Dopo aver fondato un canale streaming che trasmette le sue avventure in Rete ogni giorno alle 18 – la rete si chiamava Joe Exotic Tv.com -, i giornali e le televisioni incominciano a interessarsi a lui insieme a un gruppo sempre più numeroso di colleghi che, così come Joe, convoglia la passione per gli animali esotici convertendola in un lavoro ben remunerato. Insieme all’industria di Hollywood, che chiede la complicità di questi personaggi per prestare gli animali a produzioni come Ace Ventura, Il dottor Dolittle e Il libro della giungla, ci si mette anche un business decisamente inquietante e fuori dall’ordinario. Nella sua riserva Joe Exotic, per esempio, vende anche lubrificanti, candele e capi di biancheria intima rigorosamente a tema animalier perché i soldi sono soldi e 750.000 dollari l’anno per mantenere il suo impero non piovono dal cielo: indipendentemente da chi sia interessato all’acquisto di prodotti del genere, è chiaro che il programma racconti il lato oscuro di persone disturbate che, anziché accumulare cianfrusaglie, accumula animali selvatici sviluppando piani e pensieri ben più bestiali dei predatori che ospitano nelle loro riserve.

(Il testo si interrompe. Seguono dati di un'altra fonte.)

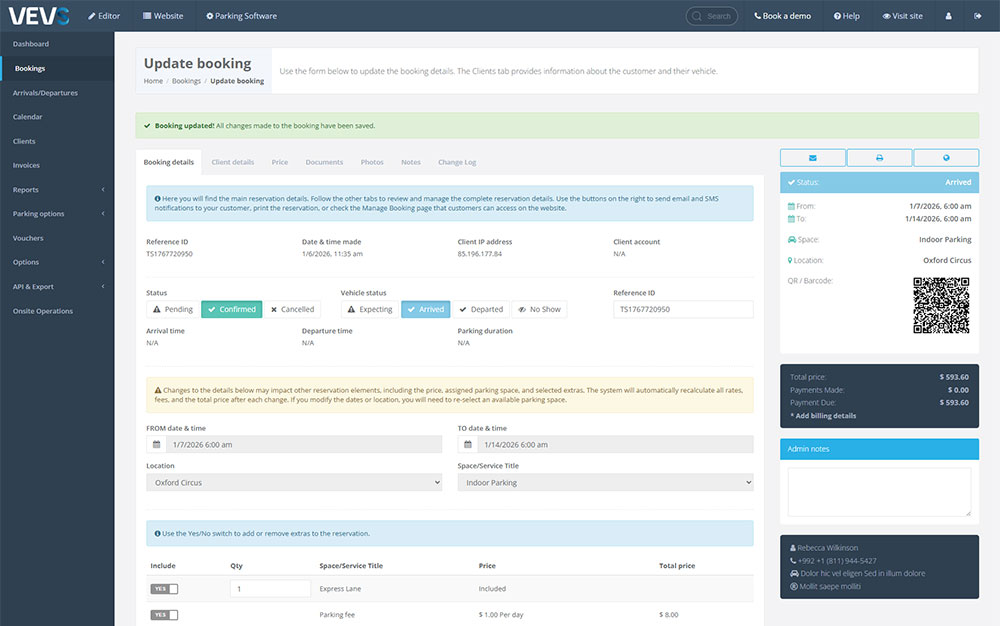 Detailed Booking Records with QR Codes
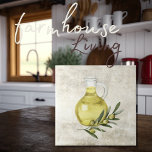 Carreau Rustique Toscane Huile d'olive bouteille aquarelle<br><div class="desc">Aquarelle olives & branches design dans un faux arrière - plan. Une bouteille d'huile d'olive a été ajoutée à ce design pour lui donner un look toscan. Mélangez et faites correspondre d'autres tuiles pour créer votre look parfait. 100% de satisfaction client avec "Zazzle" tous les jours.</div>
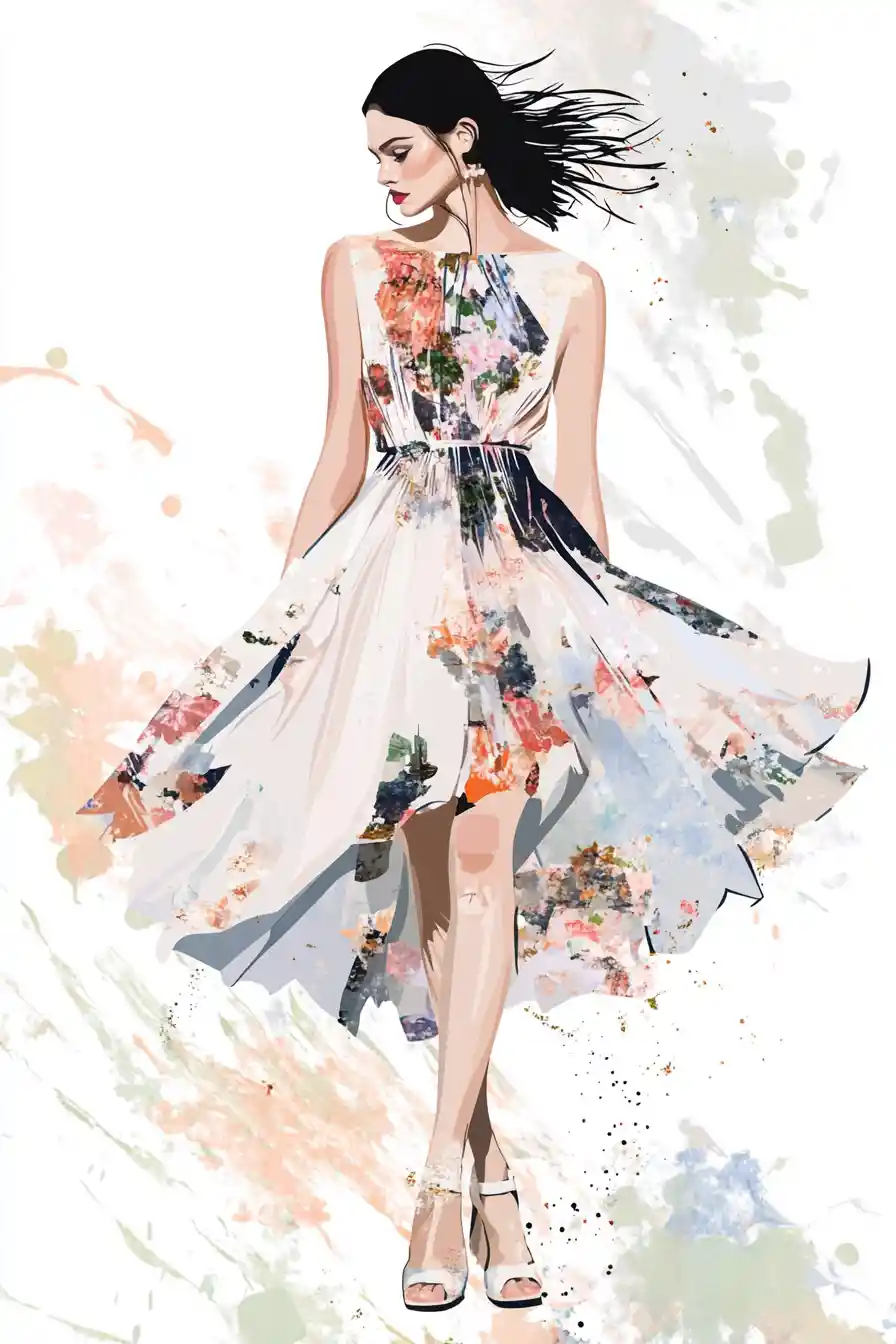 Elegant fashion illustration of model on pastel runway
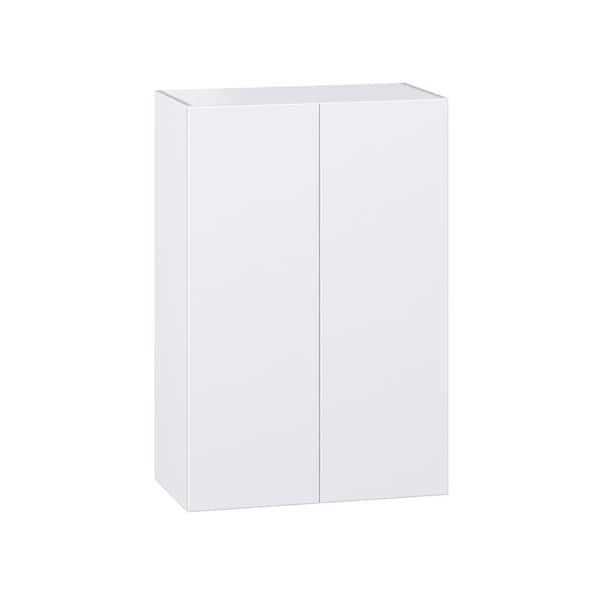 J COLLECTION Timberline 27 in. W x 14 in. D x 40 in. H Assembled Slab Wall Kitchen Cabinet in Bright White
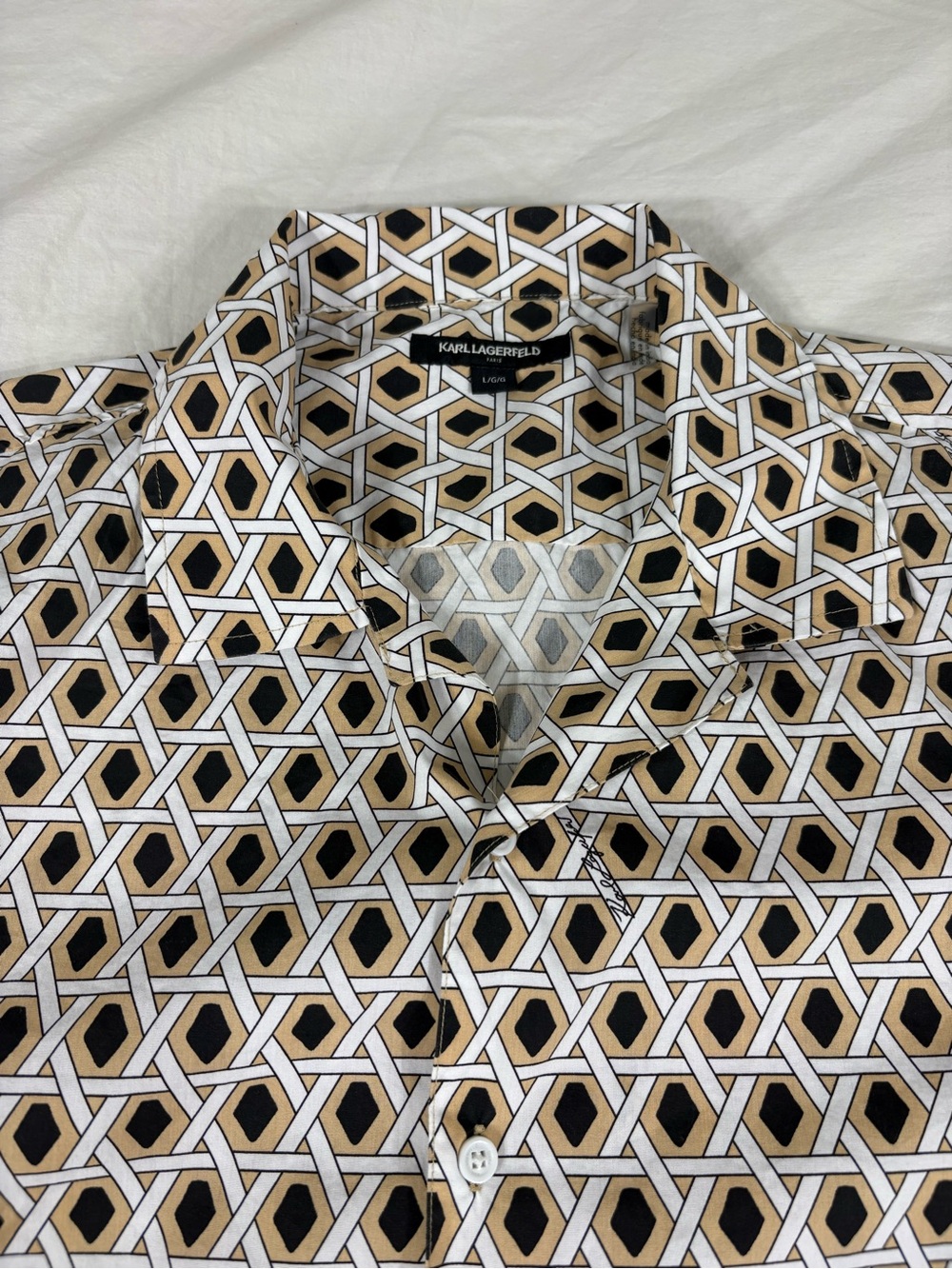 Karl Lagerfeld Mens Multicolor Geométric Short Sleeve Button Up Shirt L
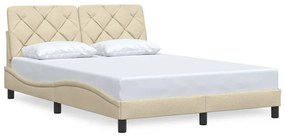 Estrutura de cama sem colchão 140x200 cm tecido cor creme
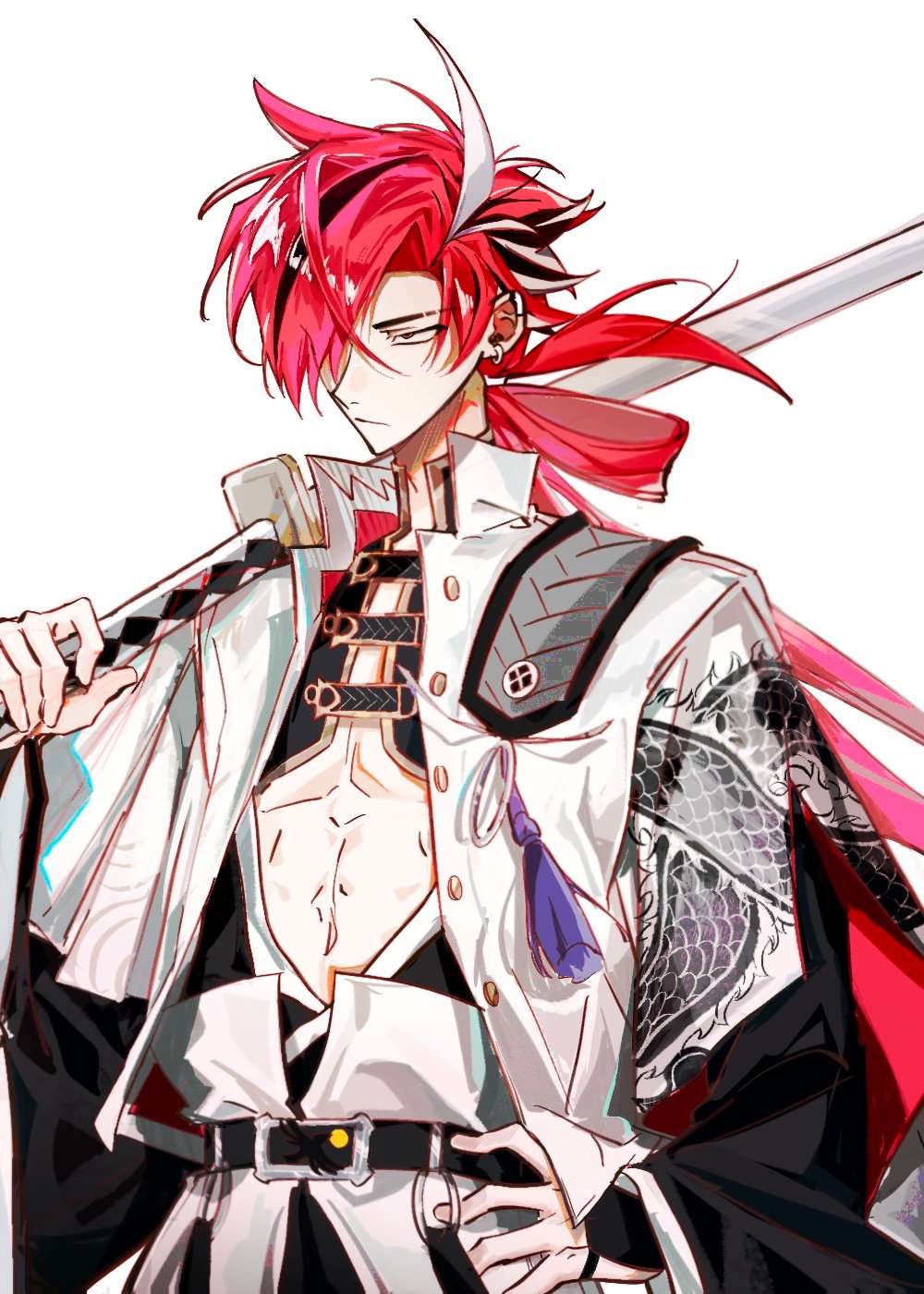 1boy black_hair brendas46157301 dragon_print earrings eyebrow_cut fate/grand_order fate_(series) hair_over_one_eye hand_on_own_hip highres holding holding_sword holding_weapon jacket japanese_clothes jewelry long_hair long_sleeves looking_to_the_side male_focus multicolored_hair nagatekkou over_shoulder pectoral_cleavage pectorals red_eyes red_hair simple_background solo streaked_hair sword sword_over_shoulder takasugi_shinsaku_(fate) underpec upper_body weapon weapon_over_shoulder white_background white_hair white_jacket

Il piano caotico e rocambolesco di Joe Exotic per sbarazzarsi della Baskin, erede della fortuna del marito misteriosamente scomparso con la quale ha messo in piedi un «santuario per animali», è l’esempio di quel disagio e di tutti quei conflitti interiori mai risolti in giovane età. Non sappiamo quanti arriveranno alla fine della visione, ma di sicuro in tempi di quarantena non c’è da andare troppo per il sottile. Se non altro per avere un prodotto di cui discutere quando tutto questo sarà finito e che potrebbe presto diventare una serie con Margot Robbie nel ruolo della protagonista, che diventerebbe, così, una donna.